**Your objective:** Beginning with the line below that contains "Produktbild Stoic Women's" and ending with the line that contains "KIKO KOSTADINOV 'Fosco' Jacket", copy every line exactly. Copy nothing else.

Segment Start: Records to use

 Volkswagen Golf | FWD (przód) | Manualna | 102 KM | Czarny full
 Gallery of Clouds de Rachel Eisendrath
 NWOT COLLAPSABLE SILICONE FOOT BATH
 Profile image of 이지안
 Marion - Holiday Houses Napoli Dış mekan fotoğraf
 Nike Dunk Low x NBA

Segment End: Records to use
Segment Start: Records to use

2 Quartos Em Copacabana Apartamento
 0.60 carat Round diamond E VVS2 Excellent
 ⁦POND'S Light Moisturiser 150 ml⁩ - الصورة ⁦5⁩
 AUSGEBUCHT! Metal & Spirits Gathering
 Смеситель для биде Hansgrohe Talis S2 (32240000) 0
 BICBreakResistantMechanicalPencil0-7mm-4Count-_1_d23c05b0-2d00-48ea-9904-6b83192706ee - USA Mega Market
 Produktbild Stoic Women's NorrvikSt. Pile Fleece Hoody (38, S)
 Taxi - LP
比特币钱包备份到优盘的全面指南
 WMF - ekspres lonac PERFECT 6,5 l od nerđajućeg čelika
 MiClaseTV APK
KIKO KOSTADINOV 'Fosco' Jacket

Segment End: Records to use
Segment Start: Records to use

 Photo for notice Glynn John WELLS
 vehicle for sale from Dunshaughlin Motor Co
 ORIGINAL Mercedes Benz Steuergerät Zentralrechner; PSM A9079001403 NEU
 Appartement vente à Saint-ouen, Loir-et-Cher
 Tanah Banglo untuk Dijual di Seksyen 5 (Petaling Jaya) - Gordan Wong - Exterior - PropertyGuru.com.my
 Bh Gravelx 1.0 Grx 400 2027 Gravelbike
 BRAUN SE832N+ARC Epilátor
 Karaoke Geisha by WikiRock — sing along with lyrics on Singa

Segment End: Records to use

**Reply to the task:**
 Produktbild Stoic Women's NorrvikSt. Pile Fleece Hoody (38, S)
 Taxi - LP
比特币钱包备份到优盘的全面指南
 WMF - ekspres lonac PERFECT 6,5 l od nerđajućeg čelika
 MiClaseTV APK
KIKO KOSTADINOV 'Fosco' Jacket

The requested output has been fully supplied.